**The task**
Go to the line that contains "Wood & Glass Lantern Lamp — Soft Ambiance". Restate that line and each one after it exactly, through the end of the records, without pictures.

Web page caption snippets

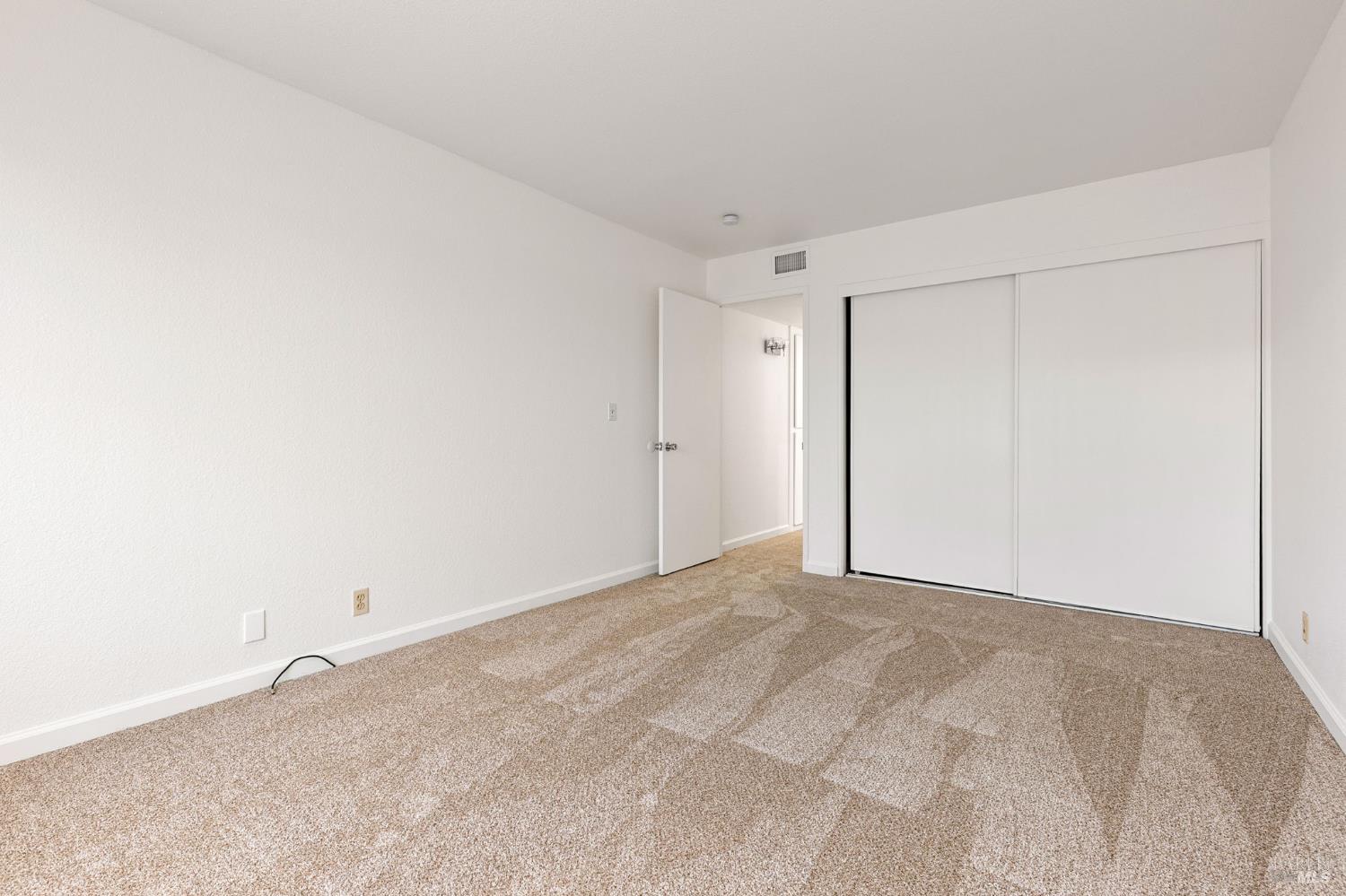 570 Berkeley Way Fairfield, CA 94533 - Photo 18 of 34 a view of an empty room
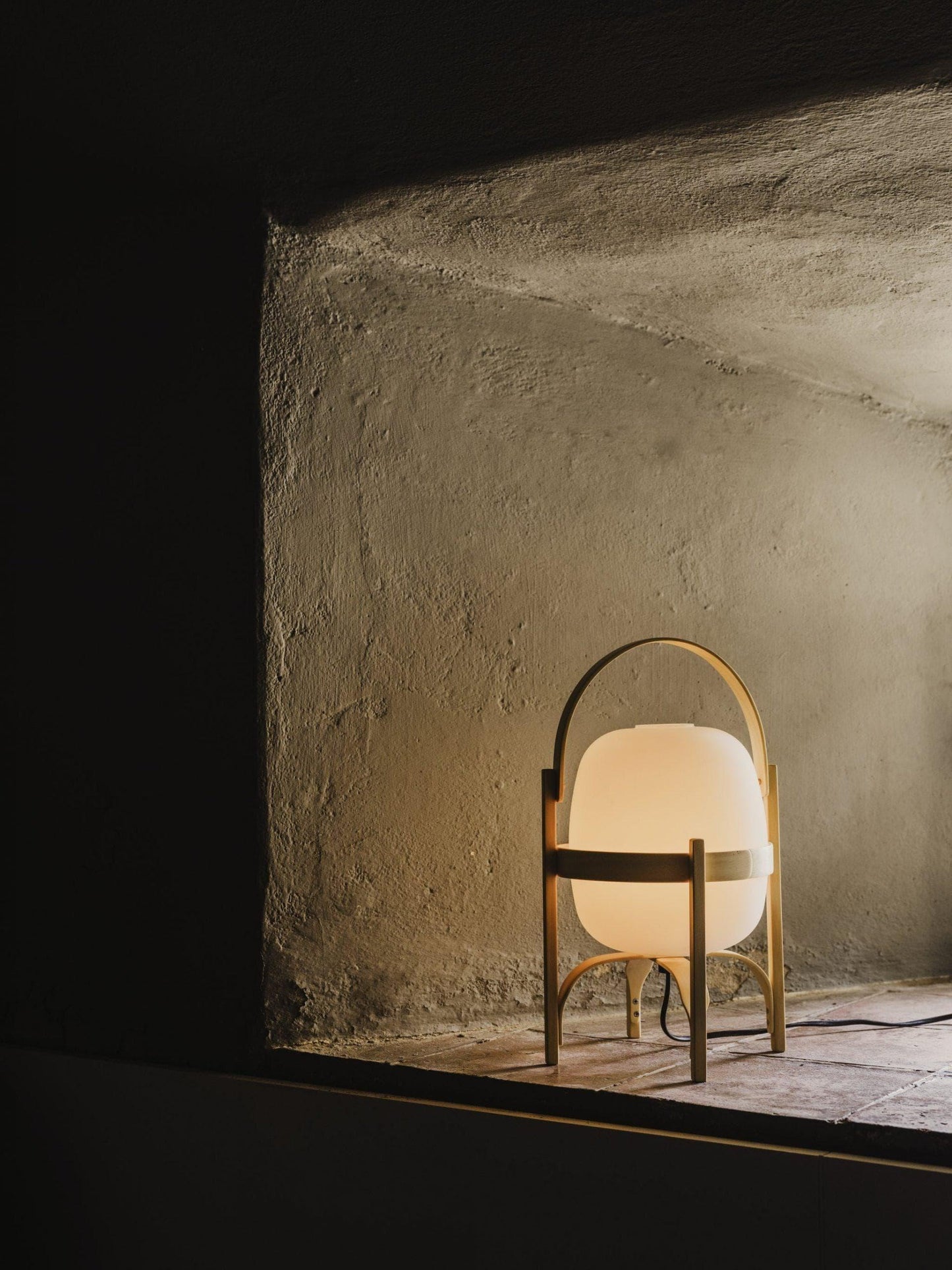 Wood & Glass Lantern Lamp — Soft Ambiance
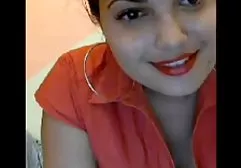 Schöner junger Brunette stellt geschickt einen pralle titten porn Mann auf der Couch zufrieden
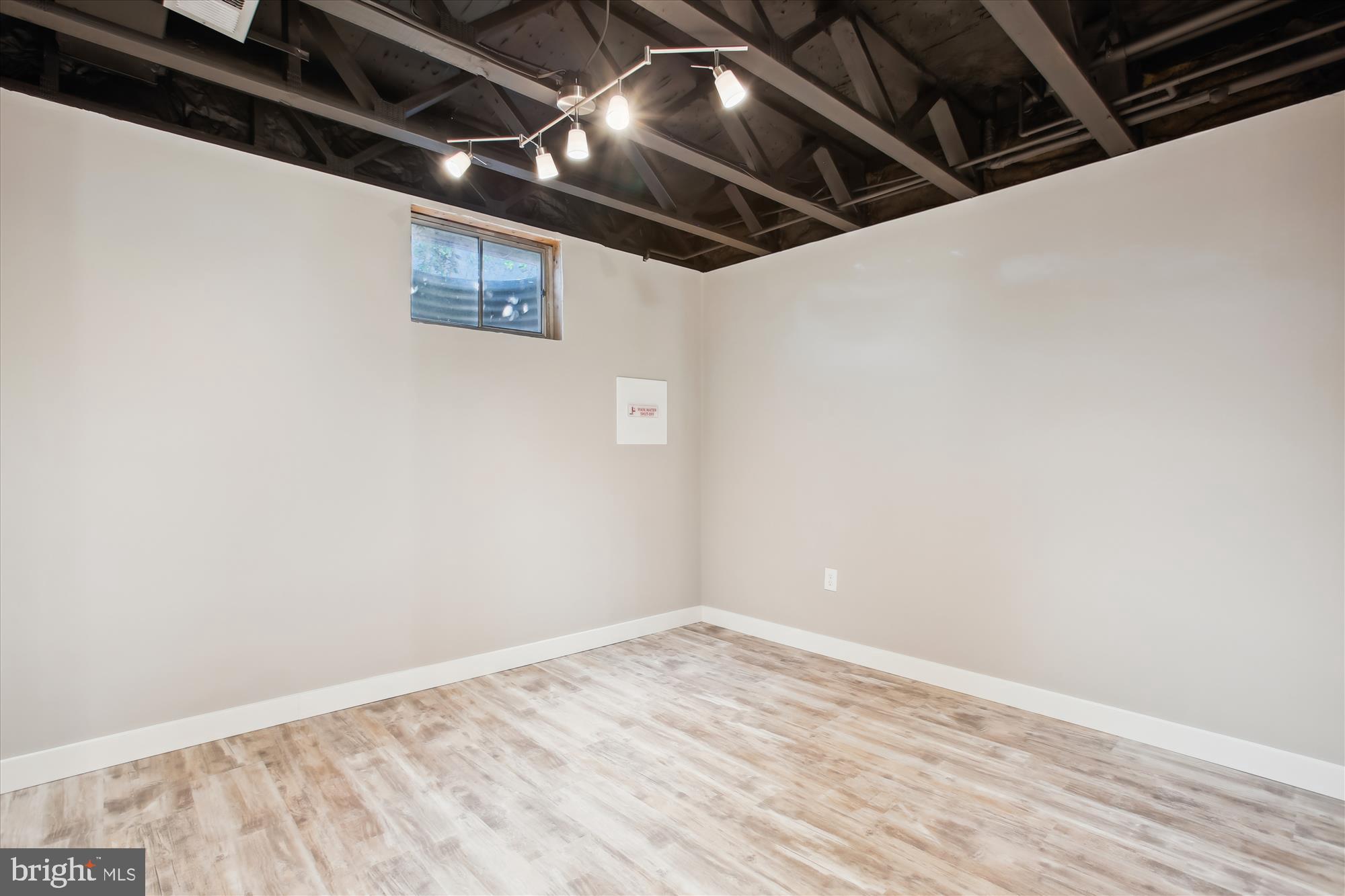 SARATOGA TOWNHOUSES - Residential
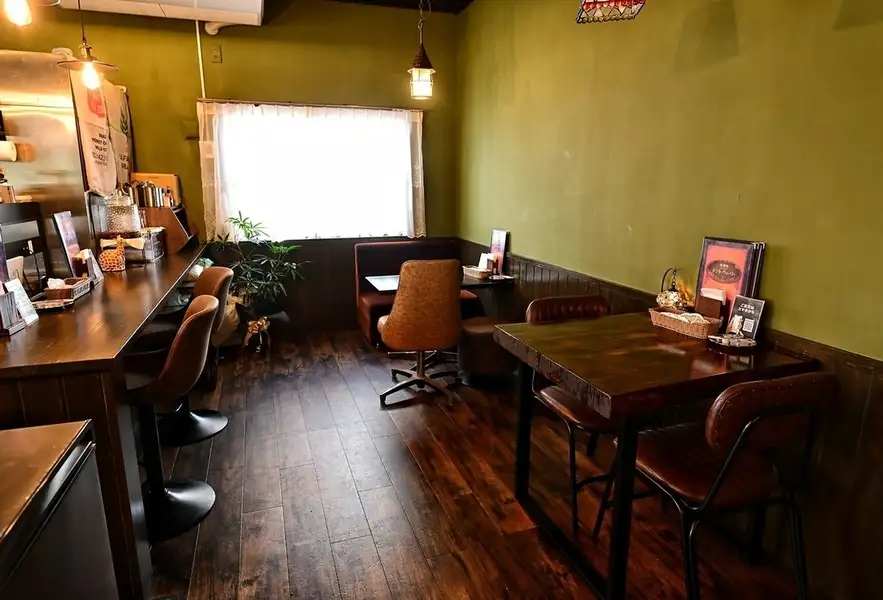 昔ながらの喫茶店の雰囲気が漂う店内は、日常の喧騒を忘れてゆっくりとお寛ぎいただける空間です！当店自慢の手作りスイーツやこだわりのドリンクと共に、ホッと落ち着く素敵なランチやカフェタイムをお過ごしください◎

**Answer space**
 Wood & Glass Lantern Lamp — Soft Ambiance
 Schöner junger Brunette stellt geschickt einen pralle titten porn Mann auf der Couch zufrieden
 SARATOGA TOWNHOUSES - Residential
 昔ながらの喫茶店の雰囲気が漂う店内は、日常の喧騒を忘れてゆっくりとお寛ぎいただける空間です！当店自慢の手作りスイーツやこだわりのドリンクと共に、ホッと落ち着く素敵なランチやカフェタイムをお過ごしください◎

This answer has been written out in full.